*** Entries shown ***

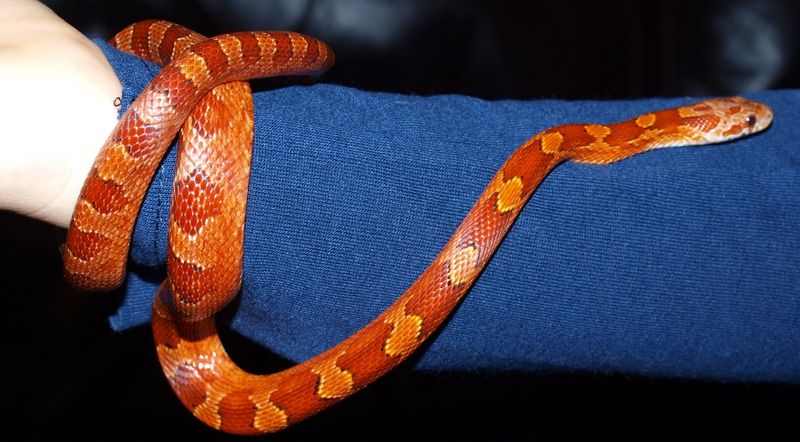 Corn Snake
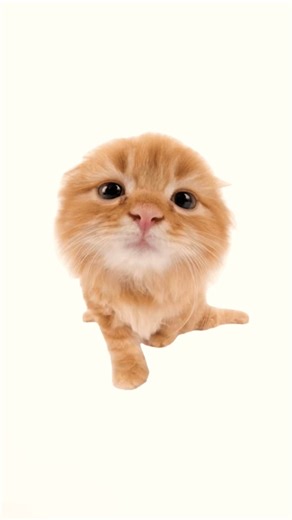 Bleh Cat 😻 Meme 👅#memes #cat #shorts #youtubeshorts #erumkhubaid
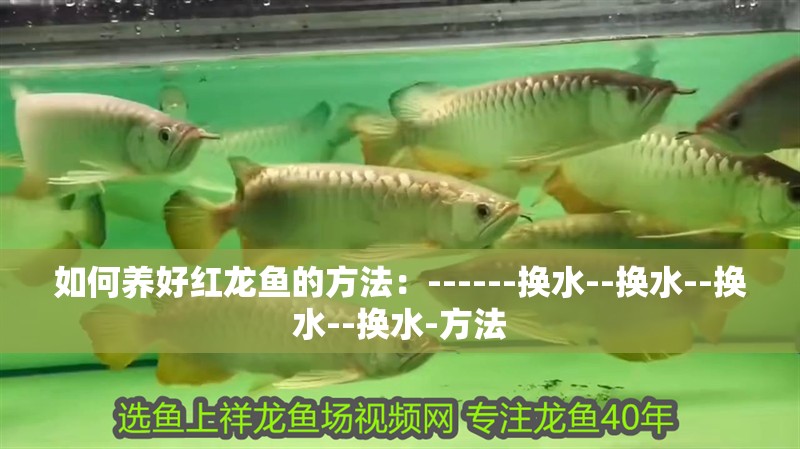 如何養(yǎng)好紅龍魚的方法：------換水--換水--換水--換水-方法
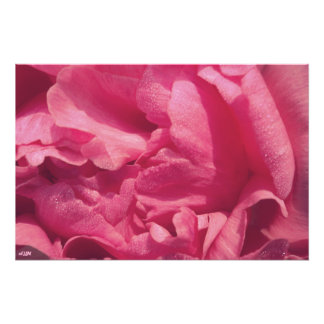 Peony Petals Photo Enlargement Print
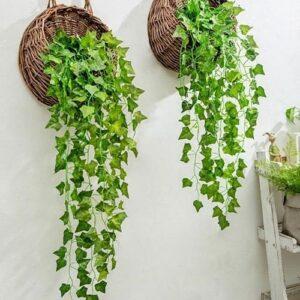 cây trầu bà leo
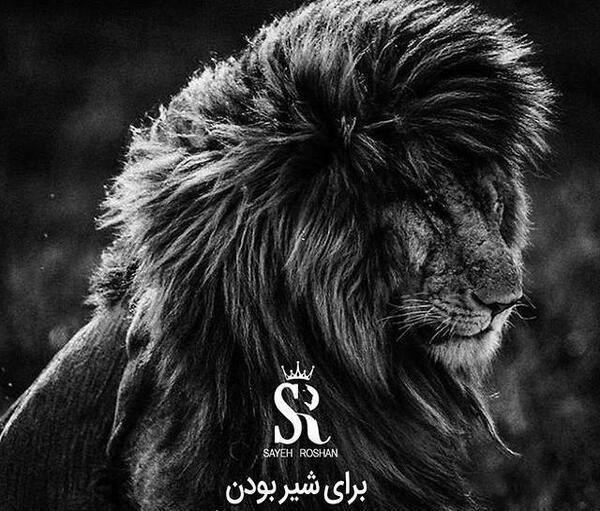 عکس انگیزشی شیر
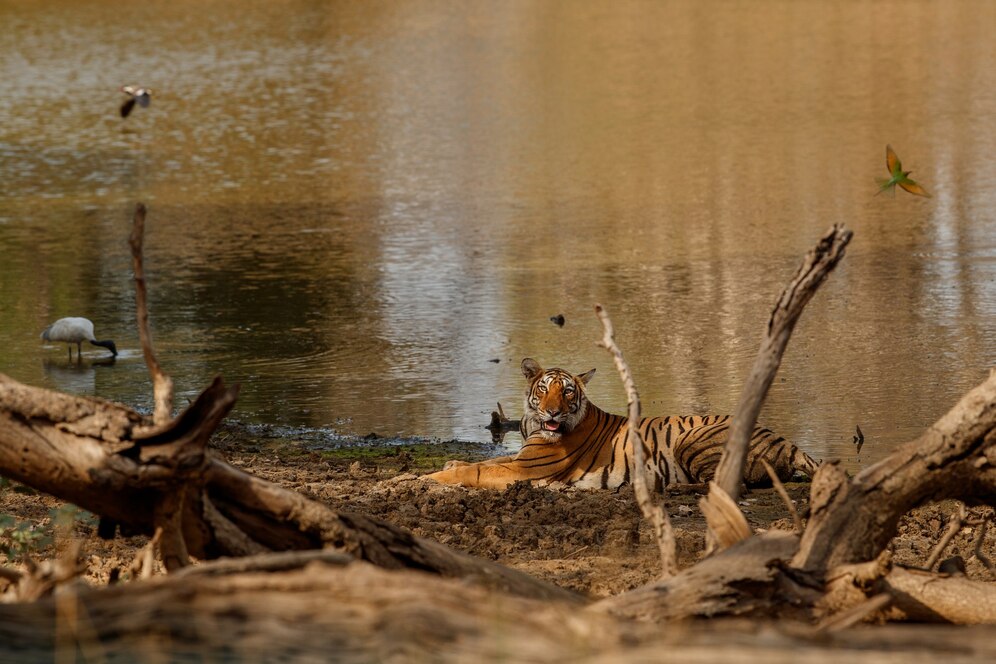 top Sundarban forest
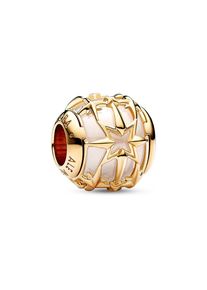 Pandora Charm Moments 762435C01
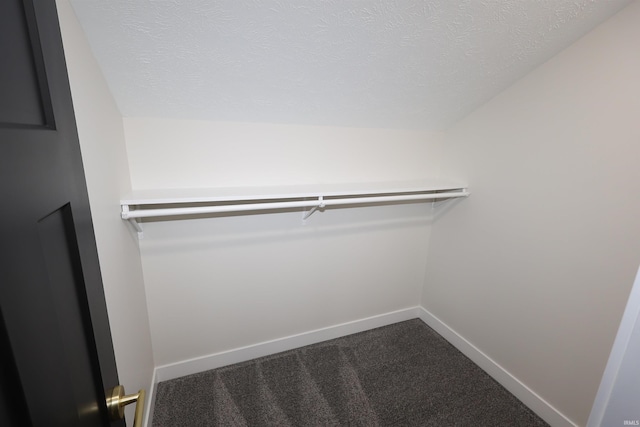 walk in closet with carpet floors and vaulted ceiling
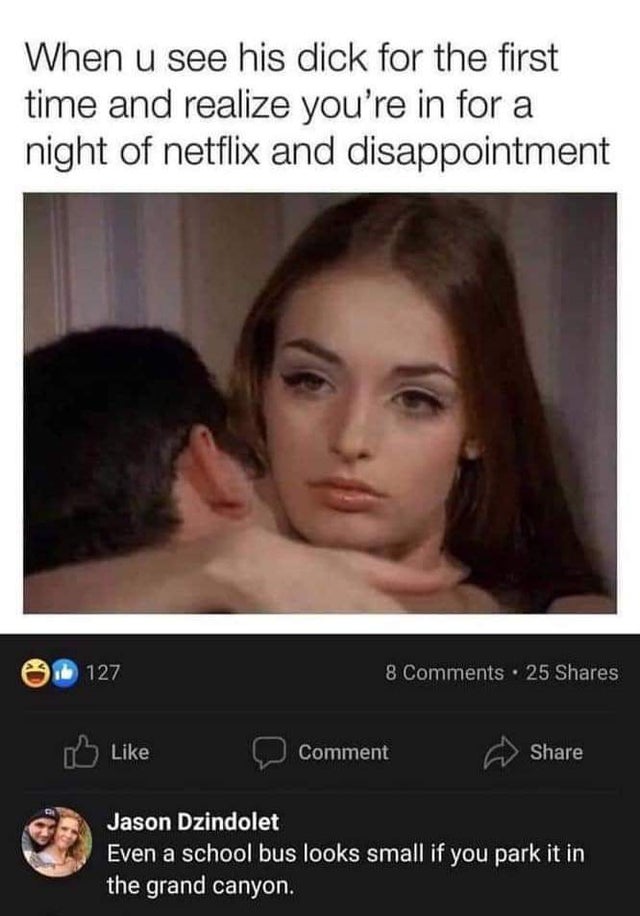 you remember he lied meme - When u see his dick for the first time and realize you're in for a night of netflix and disappointment i 127 8 25 Comment Jason Dzindolet Even a school bus looks small if you park it in the grand canyon.
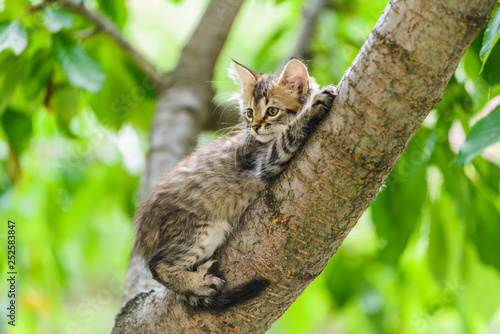 Cute curious kitten cat lying on tree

***

# [Assignment]
Please give the records again word for word, omitting all images.

# [Output of the task]
 Corn Snake
 Bleh Cat 😻 Meme 👅#memes #cat #shorts #youtubeshorts #erumkhubaid
 如何養(yǎng)好紅龍魚的方法：------換水--換水--換水--換水-方法
 Peony Petals Photo Enlargement Print
 cây trầu bà leo
 عکس انگیزشی شیر
 top Sundarban forest
 Pandora Charm Moments 762435C01
 walk in closet with carpet floors and vaulted ceiling
 you remember he lied meme - When u see his dick for the first time and realize you're in for a night of netflix and disappointment i 127 8 25 Comment Jason Dzindolet Even a school bus looks small if you park it in the grand canyon.
 Cute curious kitten cat lying on tree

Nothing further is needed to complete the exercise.